[Task goal]: Pictures stay out. Extract the lines below from the first one through the line with "This tutorial has", both included.

(Collected material begins)

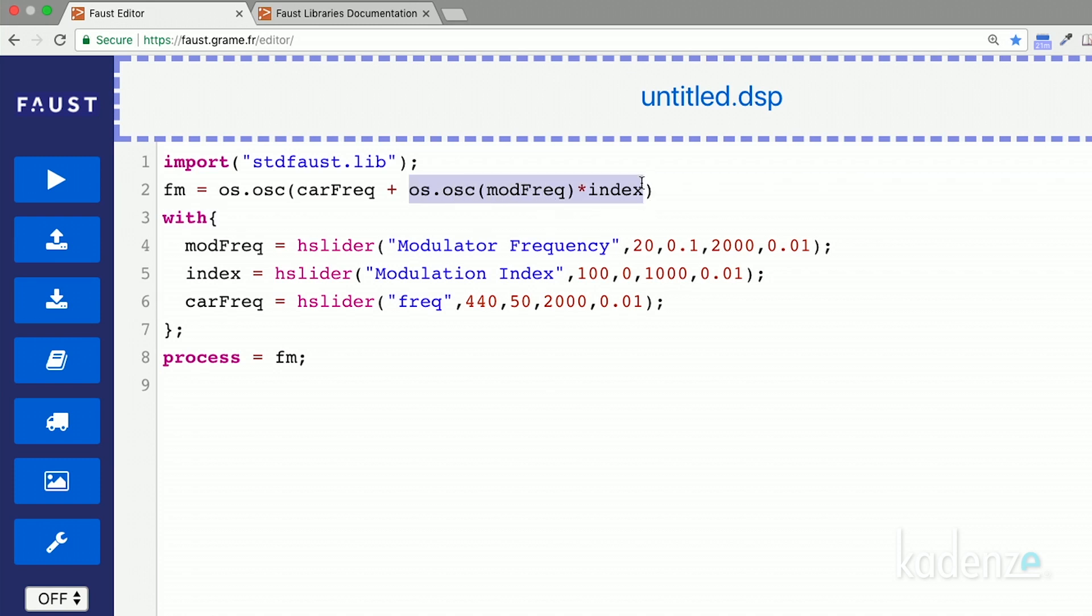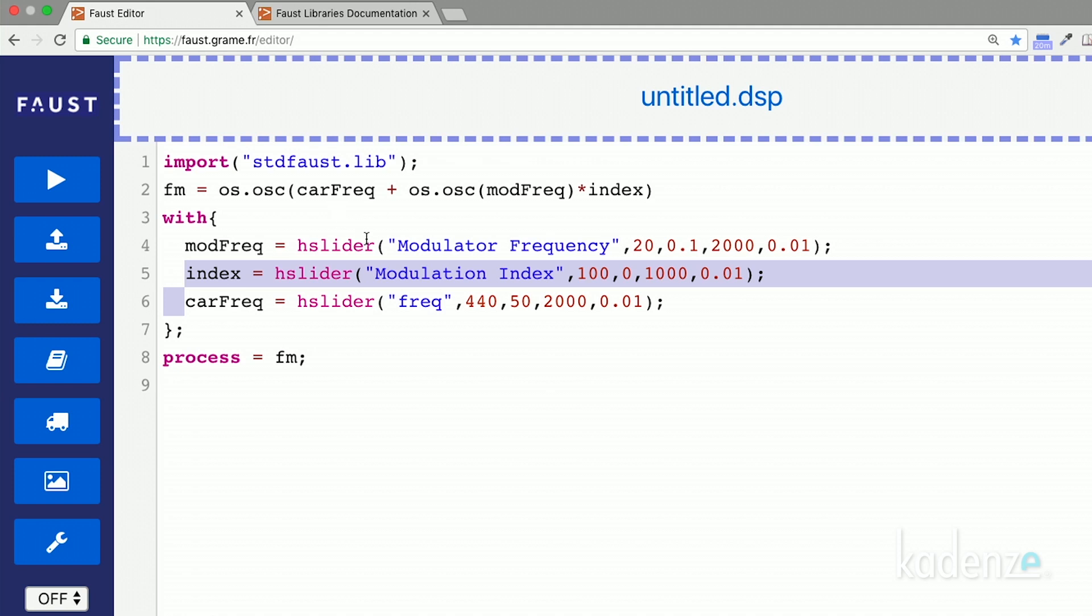The modulation index slider controls the amount of modulation applied to the frequency of the carrier. Its range is 0 to 1000 here, but in practice, it can be unlimited. Note that we don't need to scale the range of the modulator as we did in the previous lesson for amplitude modulation, as we want the frequency of the carrier to oscillate around a certain value, which is defined here by the modulator frequency slider.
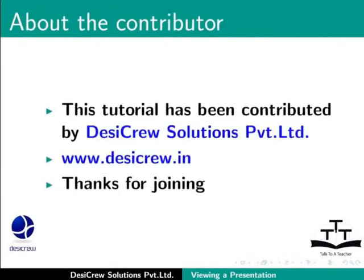This tutorial has been contributed by DesiCrew Solutions Pvt Ltd. Thanks for joining.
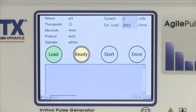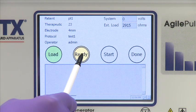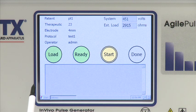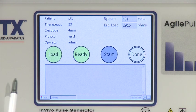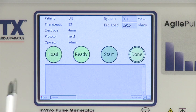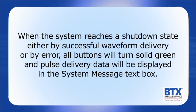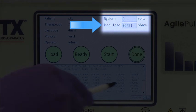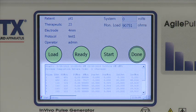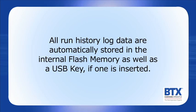If the load reading is within range, the next step is to turn on the high voltage power supply by touching the ready button. The ready button will flash green until fully charged and then will stay solid green. The high voltage reading will appear in the system message box. If the system voltage is correct, pulsing is initiated by touching start. The start button turns solid blue when pulsing is active and solid green when pulsing is complete. When the system reaches a shutdown state — either by successful waveform delivery or by error — all buttons will turn solid green and pulse delivery data will be displayed in the system message text box. The load message box will change from the estimated load value to the actual high voltage pulse monitor value. The log of all delivered values is displayed below. All run history log data are automatically stored in the internal flash memory as well as a USB key if one is inserted.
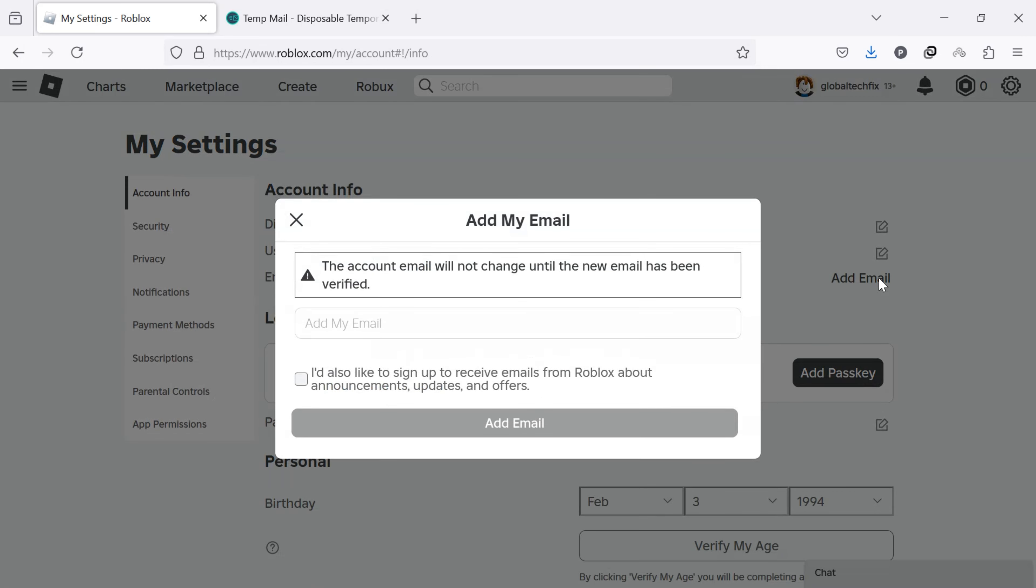A new window will appear. Type in your valid email address in the email field box and click Add Email.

(Collected material ends)

[Exercise result]:
The modulation index slider controls the amount of modulation applied to the frequency of the carrier. Its range is 0 to 1000 here, but in practice, it can be unlimited. Note that we don't need to scale the range of the modulator as we did in the previous lesson for amplitude modulation, as we want the frequency of the carrier to oscillate around a certain value, which is defined here by the modulator frequency slider.
This tutorial has been contributed by DesiCrew Solutions Pvt Ltd. Thanks for joining.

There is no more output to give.